In this guide to all things data streaming technologies, we’ll explore:

Let’s get started.

What is data streaming?

Data streaming processes data in real-time as soon as it gets generated, rather than waiting to process it in batches, such as daily or weekly.

It is a more modern approach to processing data that speeds up the time to insight and action, helping businesses make faster data-driven decisions and better fuel marketing campaigns for higher customer engagement. In the past, many brands uploaded data in batches at specific times, leading to outdated experiences.

Data streaming is increasingly essential for any organization that needs to act on immediate customer insights. For example:

  • eCommerce: Real-time inventory updates and personalized recommendations based on current customer behavior
  • Finance: Notifications with accurate info on account information

Batch Processing vs. Stream Processing: What’s The Difference?

What is batch processing?

As the name suggests, batch processing is a type of data processing that handles the information in batches. This is done by bundling data together at set windows of time, such as every 24 hours, or when a certain threshold of data has been accumulated. As a result, this type of data processing introduces delays and has latency built in.
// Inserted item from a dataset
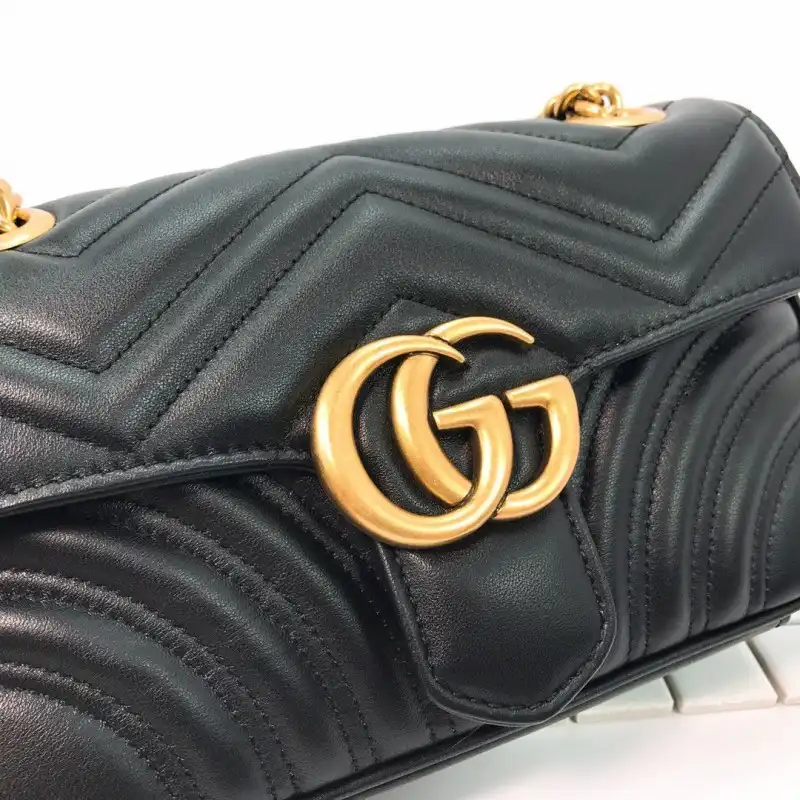 G*u*i bags 19b57g0012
This means any insights you gain from batch-processed data are already out of date. That’s not an issue if you are using the data to spot historical trends or for reporting purposes, for example, but if you need to act fast on your data for competitive and commercial advantage, batch data is more of a hindrance than a help.

What is stream processing?

Stream processing—aka data streaming or unbounded data—processes data in real-time, on an ongoing basis. Each unit of data is processed as soon as it arrives, providing a live view of the interactions a customer has with a brand.

This means you have an up-to-date picture of how users are engaging with your brand—like your website, app, messages, social media, and ads. As a result, you can tailor your messages based on their current behavior, wants, likes, and interests, before they move on to something new.

What are data streaming technologies?

Data streaming technologies are software tools that are built to handle live data flows. They receive, store, and process data as it is captured—allowing businesses to act on the recent and relevant data and insights.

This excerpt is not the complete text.